S.E. Hackney, Ph.D., Assistant Professor, Queens College, CUNY Graduate School of Library and Information Studies
Classification in a Networked World: Viewing the Work of S.R. Ranganathan from the Digital Age will examine the life and writings of LIS scholar S.R. Ranganathan, providing a narrative history of the development of Colon Classification. Additionally Ranganathan's work will be brought into conversation with the contemporary world of born-networked digital information and big data. 
 
Sangamithra Iyer, Independent Researcher
Governing Bodies: A Catena is an ecological history and ethical reckoning of how earthly bodies are controlled by and liberated from colonialism, capitalism, and speciesism. This is an interdisciplinary environmental humanities project that spans critical animal studies, philosophy, engineering ethics, food studies, and decolonization studies. Governing Bodies acts as a catena, linking wide-ranging subjects from personal and planetary grief to invisible inheritances, and asks what it means to embody nonviolence.
 
Carl Kubler, Ph.D., Postdoctoral Fellow, University of Chicago
Barbarians on the Shore: Negotiating Global Trade and Daily Life on the South China Coast, 1780-1860 is a book project examines the history of commerce and daily life at the nexus of global interactions between China, America, and Europe in the decades before and after the first Opium War (1839-1842). In particular, it focuses on the dynamics of everyday socioeconomic opportunity seeking and conflict resolution between merchants, sailors, prostitutes, interpreters, coolies, cooks, pirates, and other liminal actors whose global circulations helped shape the course of Sino-Western relations in the eighteenth and nineteenth centuries.
 
Stefano Morello, Ph.D. Candidate (2023), English, The CUNY Graduate Center
The Lung Block: A New York City Slum & Its Forgotten Italian Immigrant Community juxtaposes the Progressive Era narrative attached to a city block between the Brooklyn and Manhattan bridges as the epicenter of tuberculosis, and the lived experience of the majority Italian immigrant tenement dwellers therein.

 

2021-2022 Diamonstein-Spielvogel Fellows


Victoria Baena is a Ph.D. Candidate in Comparative Literature at Yale University.
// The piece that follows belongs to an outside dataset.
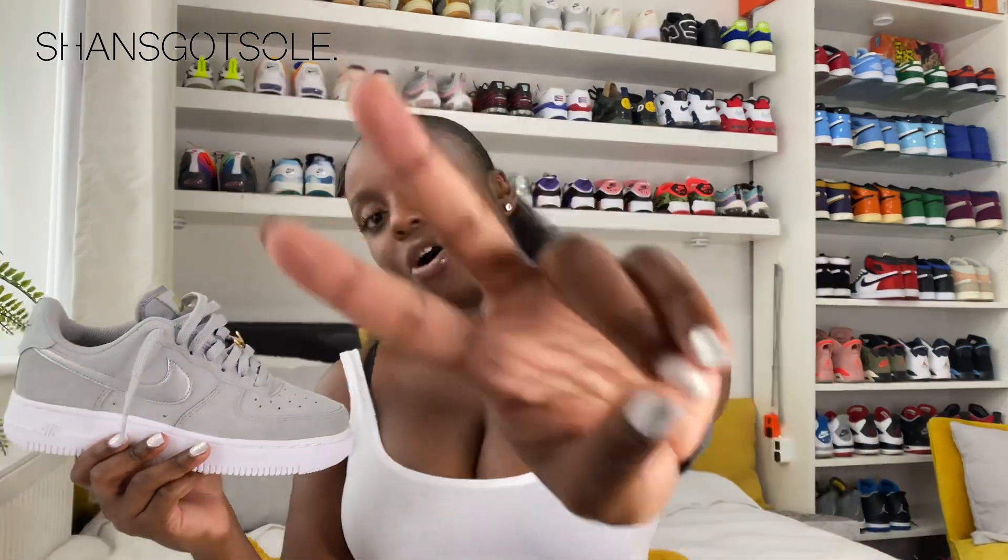So as I said, £90 at JD Sports. If you want to see how I've styled them, head over to Instagram at Shan's Got Soul, where you can see how I've styled many trainers in my collection. I'll be back soon with another latest pickup — it is ramping up towards the end of the year, so please do subscribe if you want to see more sneaker content from me. This is your girl Shan, and I'll be back soon — peace.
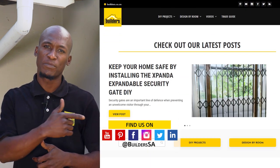For more videos like this, check out the blog on the website. Get to Builders, get it done!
As a Diamonstein-Spielvogel Fellow, Victoria will research and write a chapter for her book project "Lost Illusions: Time, Knowledge, and Narrative in the Provincial Novel," which will examine revolutionary- and Napoleonic-era maps of the British and French Empires, placing their rhetorical strategies in conversation with the imagined cartographies of “the provinces” in literary realism. 

Pichaya (Mint) Damrongpiwat, Ph.D. is a Lecturer in English at the University of California, Irvine. She recently received her Ph.D. in English from Cornell University. Her project “Every morsel of blank”: Paper Recycling as Literary Practice in Women’s Archives, which argues for revising our understanding of paper recycling in the context of literature using three women writers in the late-eighteenth and nineteenth centuries: Emily Brontë, Frances Burney, and Emily Dickinson. The project challenges the current understanding of recycling as the result of economic necessity by situating paper recycling within the context of gendered restrictions on women's writing and their resulting literary and composition practices. 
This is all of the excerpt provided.